(TASK)
In the records that follow, the lines from the one containing "南澳岛搭帐篷最佳露营点？" to the one containing "北京升级入境人员管理措施-北京升级入境人员管理措施最新 北京升级入境人员管理措施-北京升级入境人员管理措施最新", inclusive, are to be given again exactly.

(THE DATA)

▼

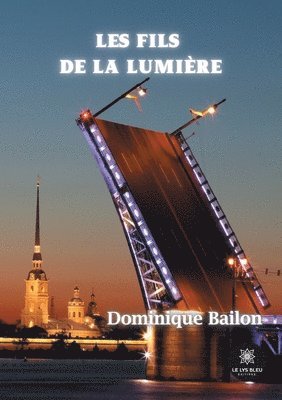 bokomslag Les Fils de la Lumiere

▲
▼

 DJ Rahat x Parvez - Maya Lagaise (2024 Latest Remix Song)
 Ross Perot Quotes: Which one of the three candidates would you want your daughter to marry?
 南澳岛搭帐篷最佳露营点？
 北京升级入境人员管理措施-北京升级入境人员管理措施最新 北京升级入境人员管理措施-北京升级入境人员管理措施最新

▲
▼

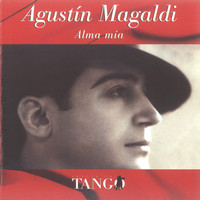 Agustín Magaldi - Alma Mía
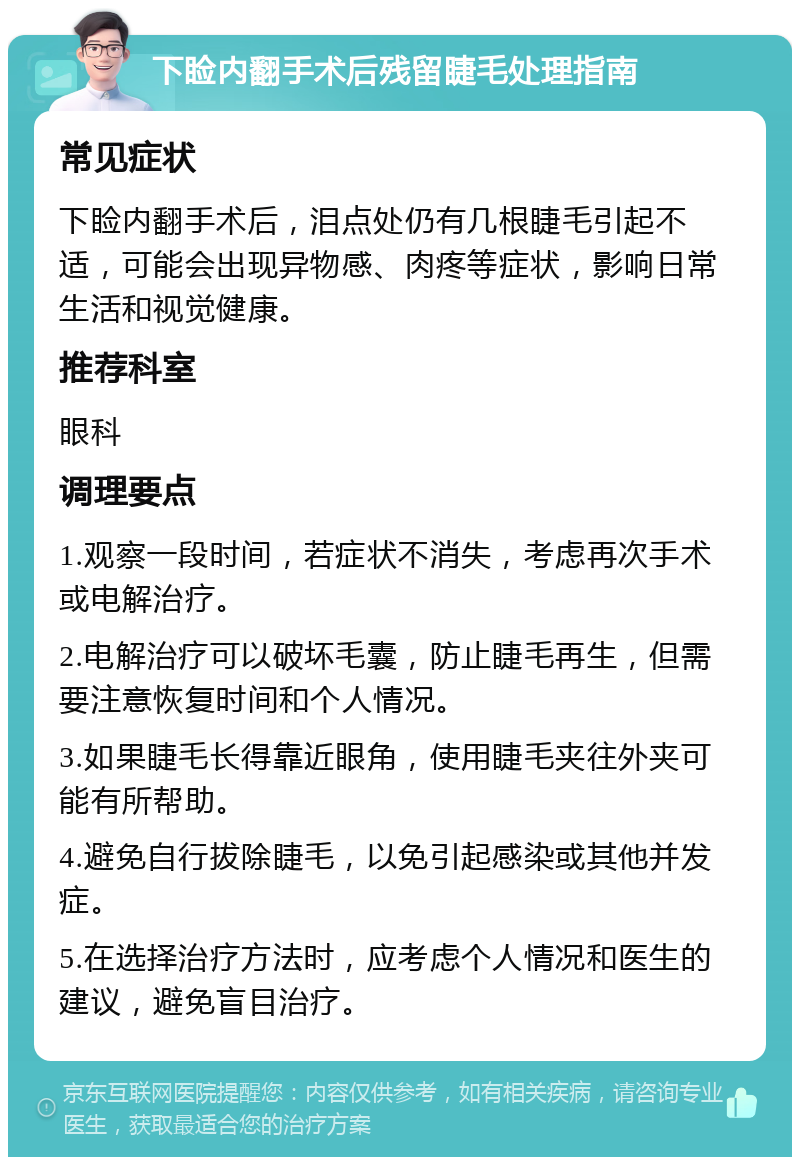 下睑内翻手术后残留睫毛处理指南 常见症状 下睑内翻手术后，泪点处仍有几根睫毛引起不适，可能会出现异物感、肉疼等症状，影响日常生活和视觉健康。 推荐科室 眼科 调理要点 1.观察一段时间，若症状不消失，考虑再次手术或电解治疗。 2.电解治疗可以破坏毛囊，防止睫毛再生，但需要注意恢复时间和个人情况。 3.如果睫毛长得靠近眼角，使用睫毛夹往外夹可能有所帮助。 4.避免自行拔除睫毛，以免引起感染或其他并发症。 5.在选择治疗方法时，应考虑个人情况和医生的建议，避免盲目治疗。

▲

(SOLUTION FOR THIS PROBLEM)
 南澳岛搭帐篷最佳露营点？
 北京升级入境人员管理措施-北京升级入境人员管理措施最新 北京升级入境人员管理措施-北京升级入境人员管理措施最新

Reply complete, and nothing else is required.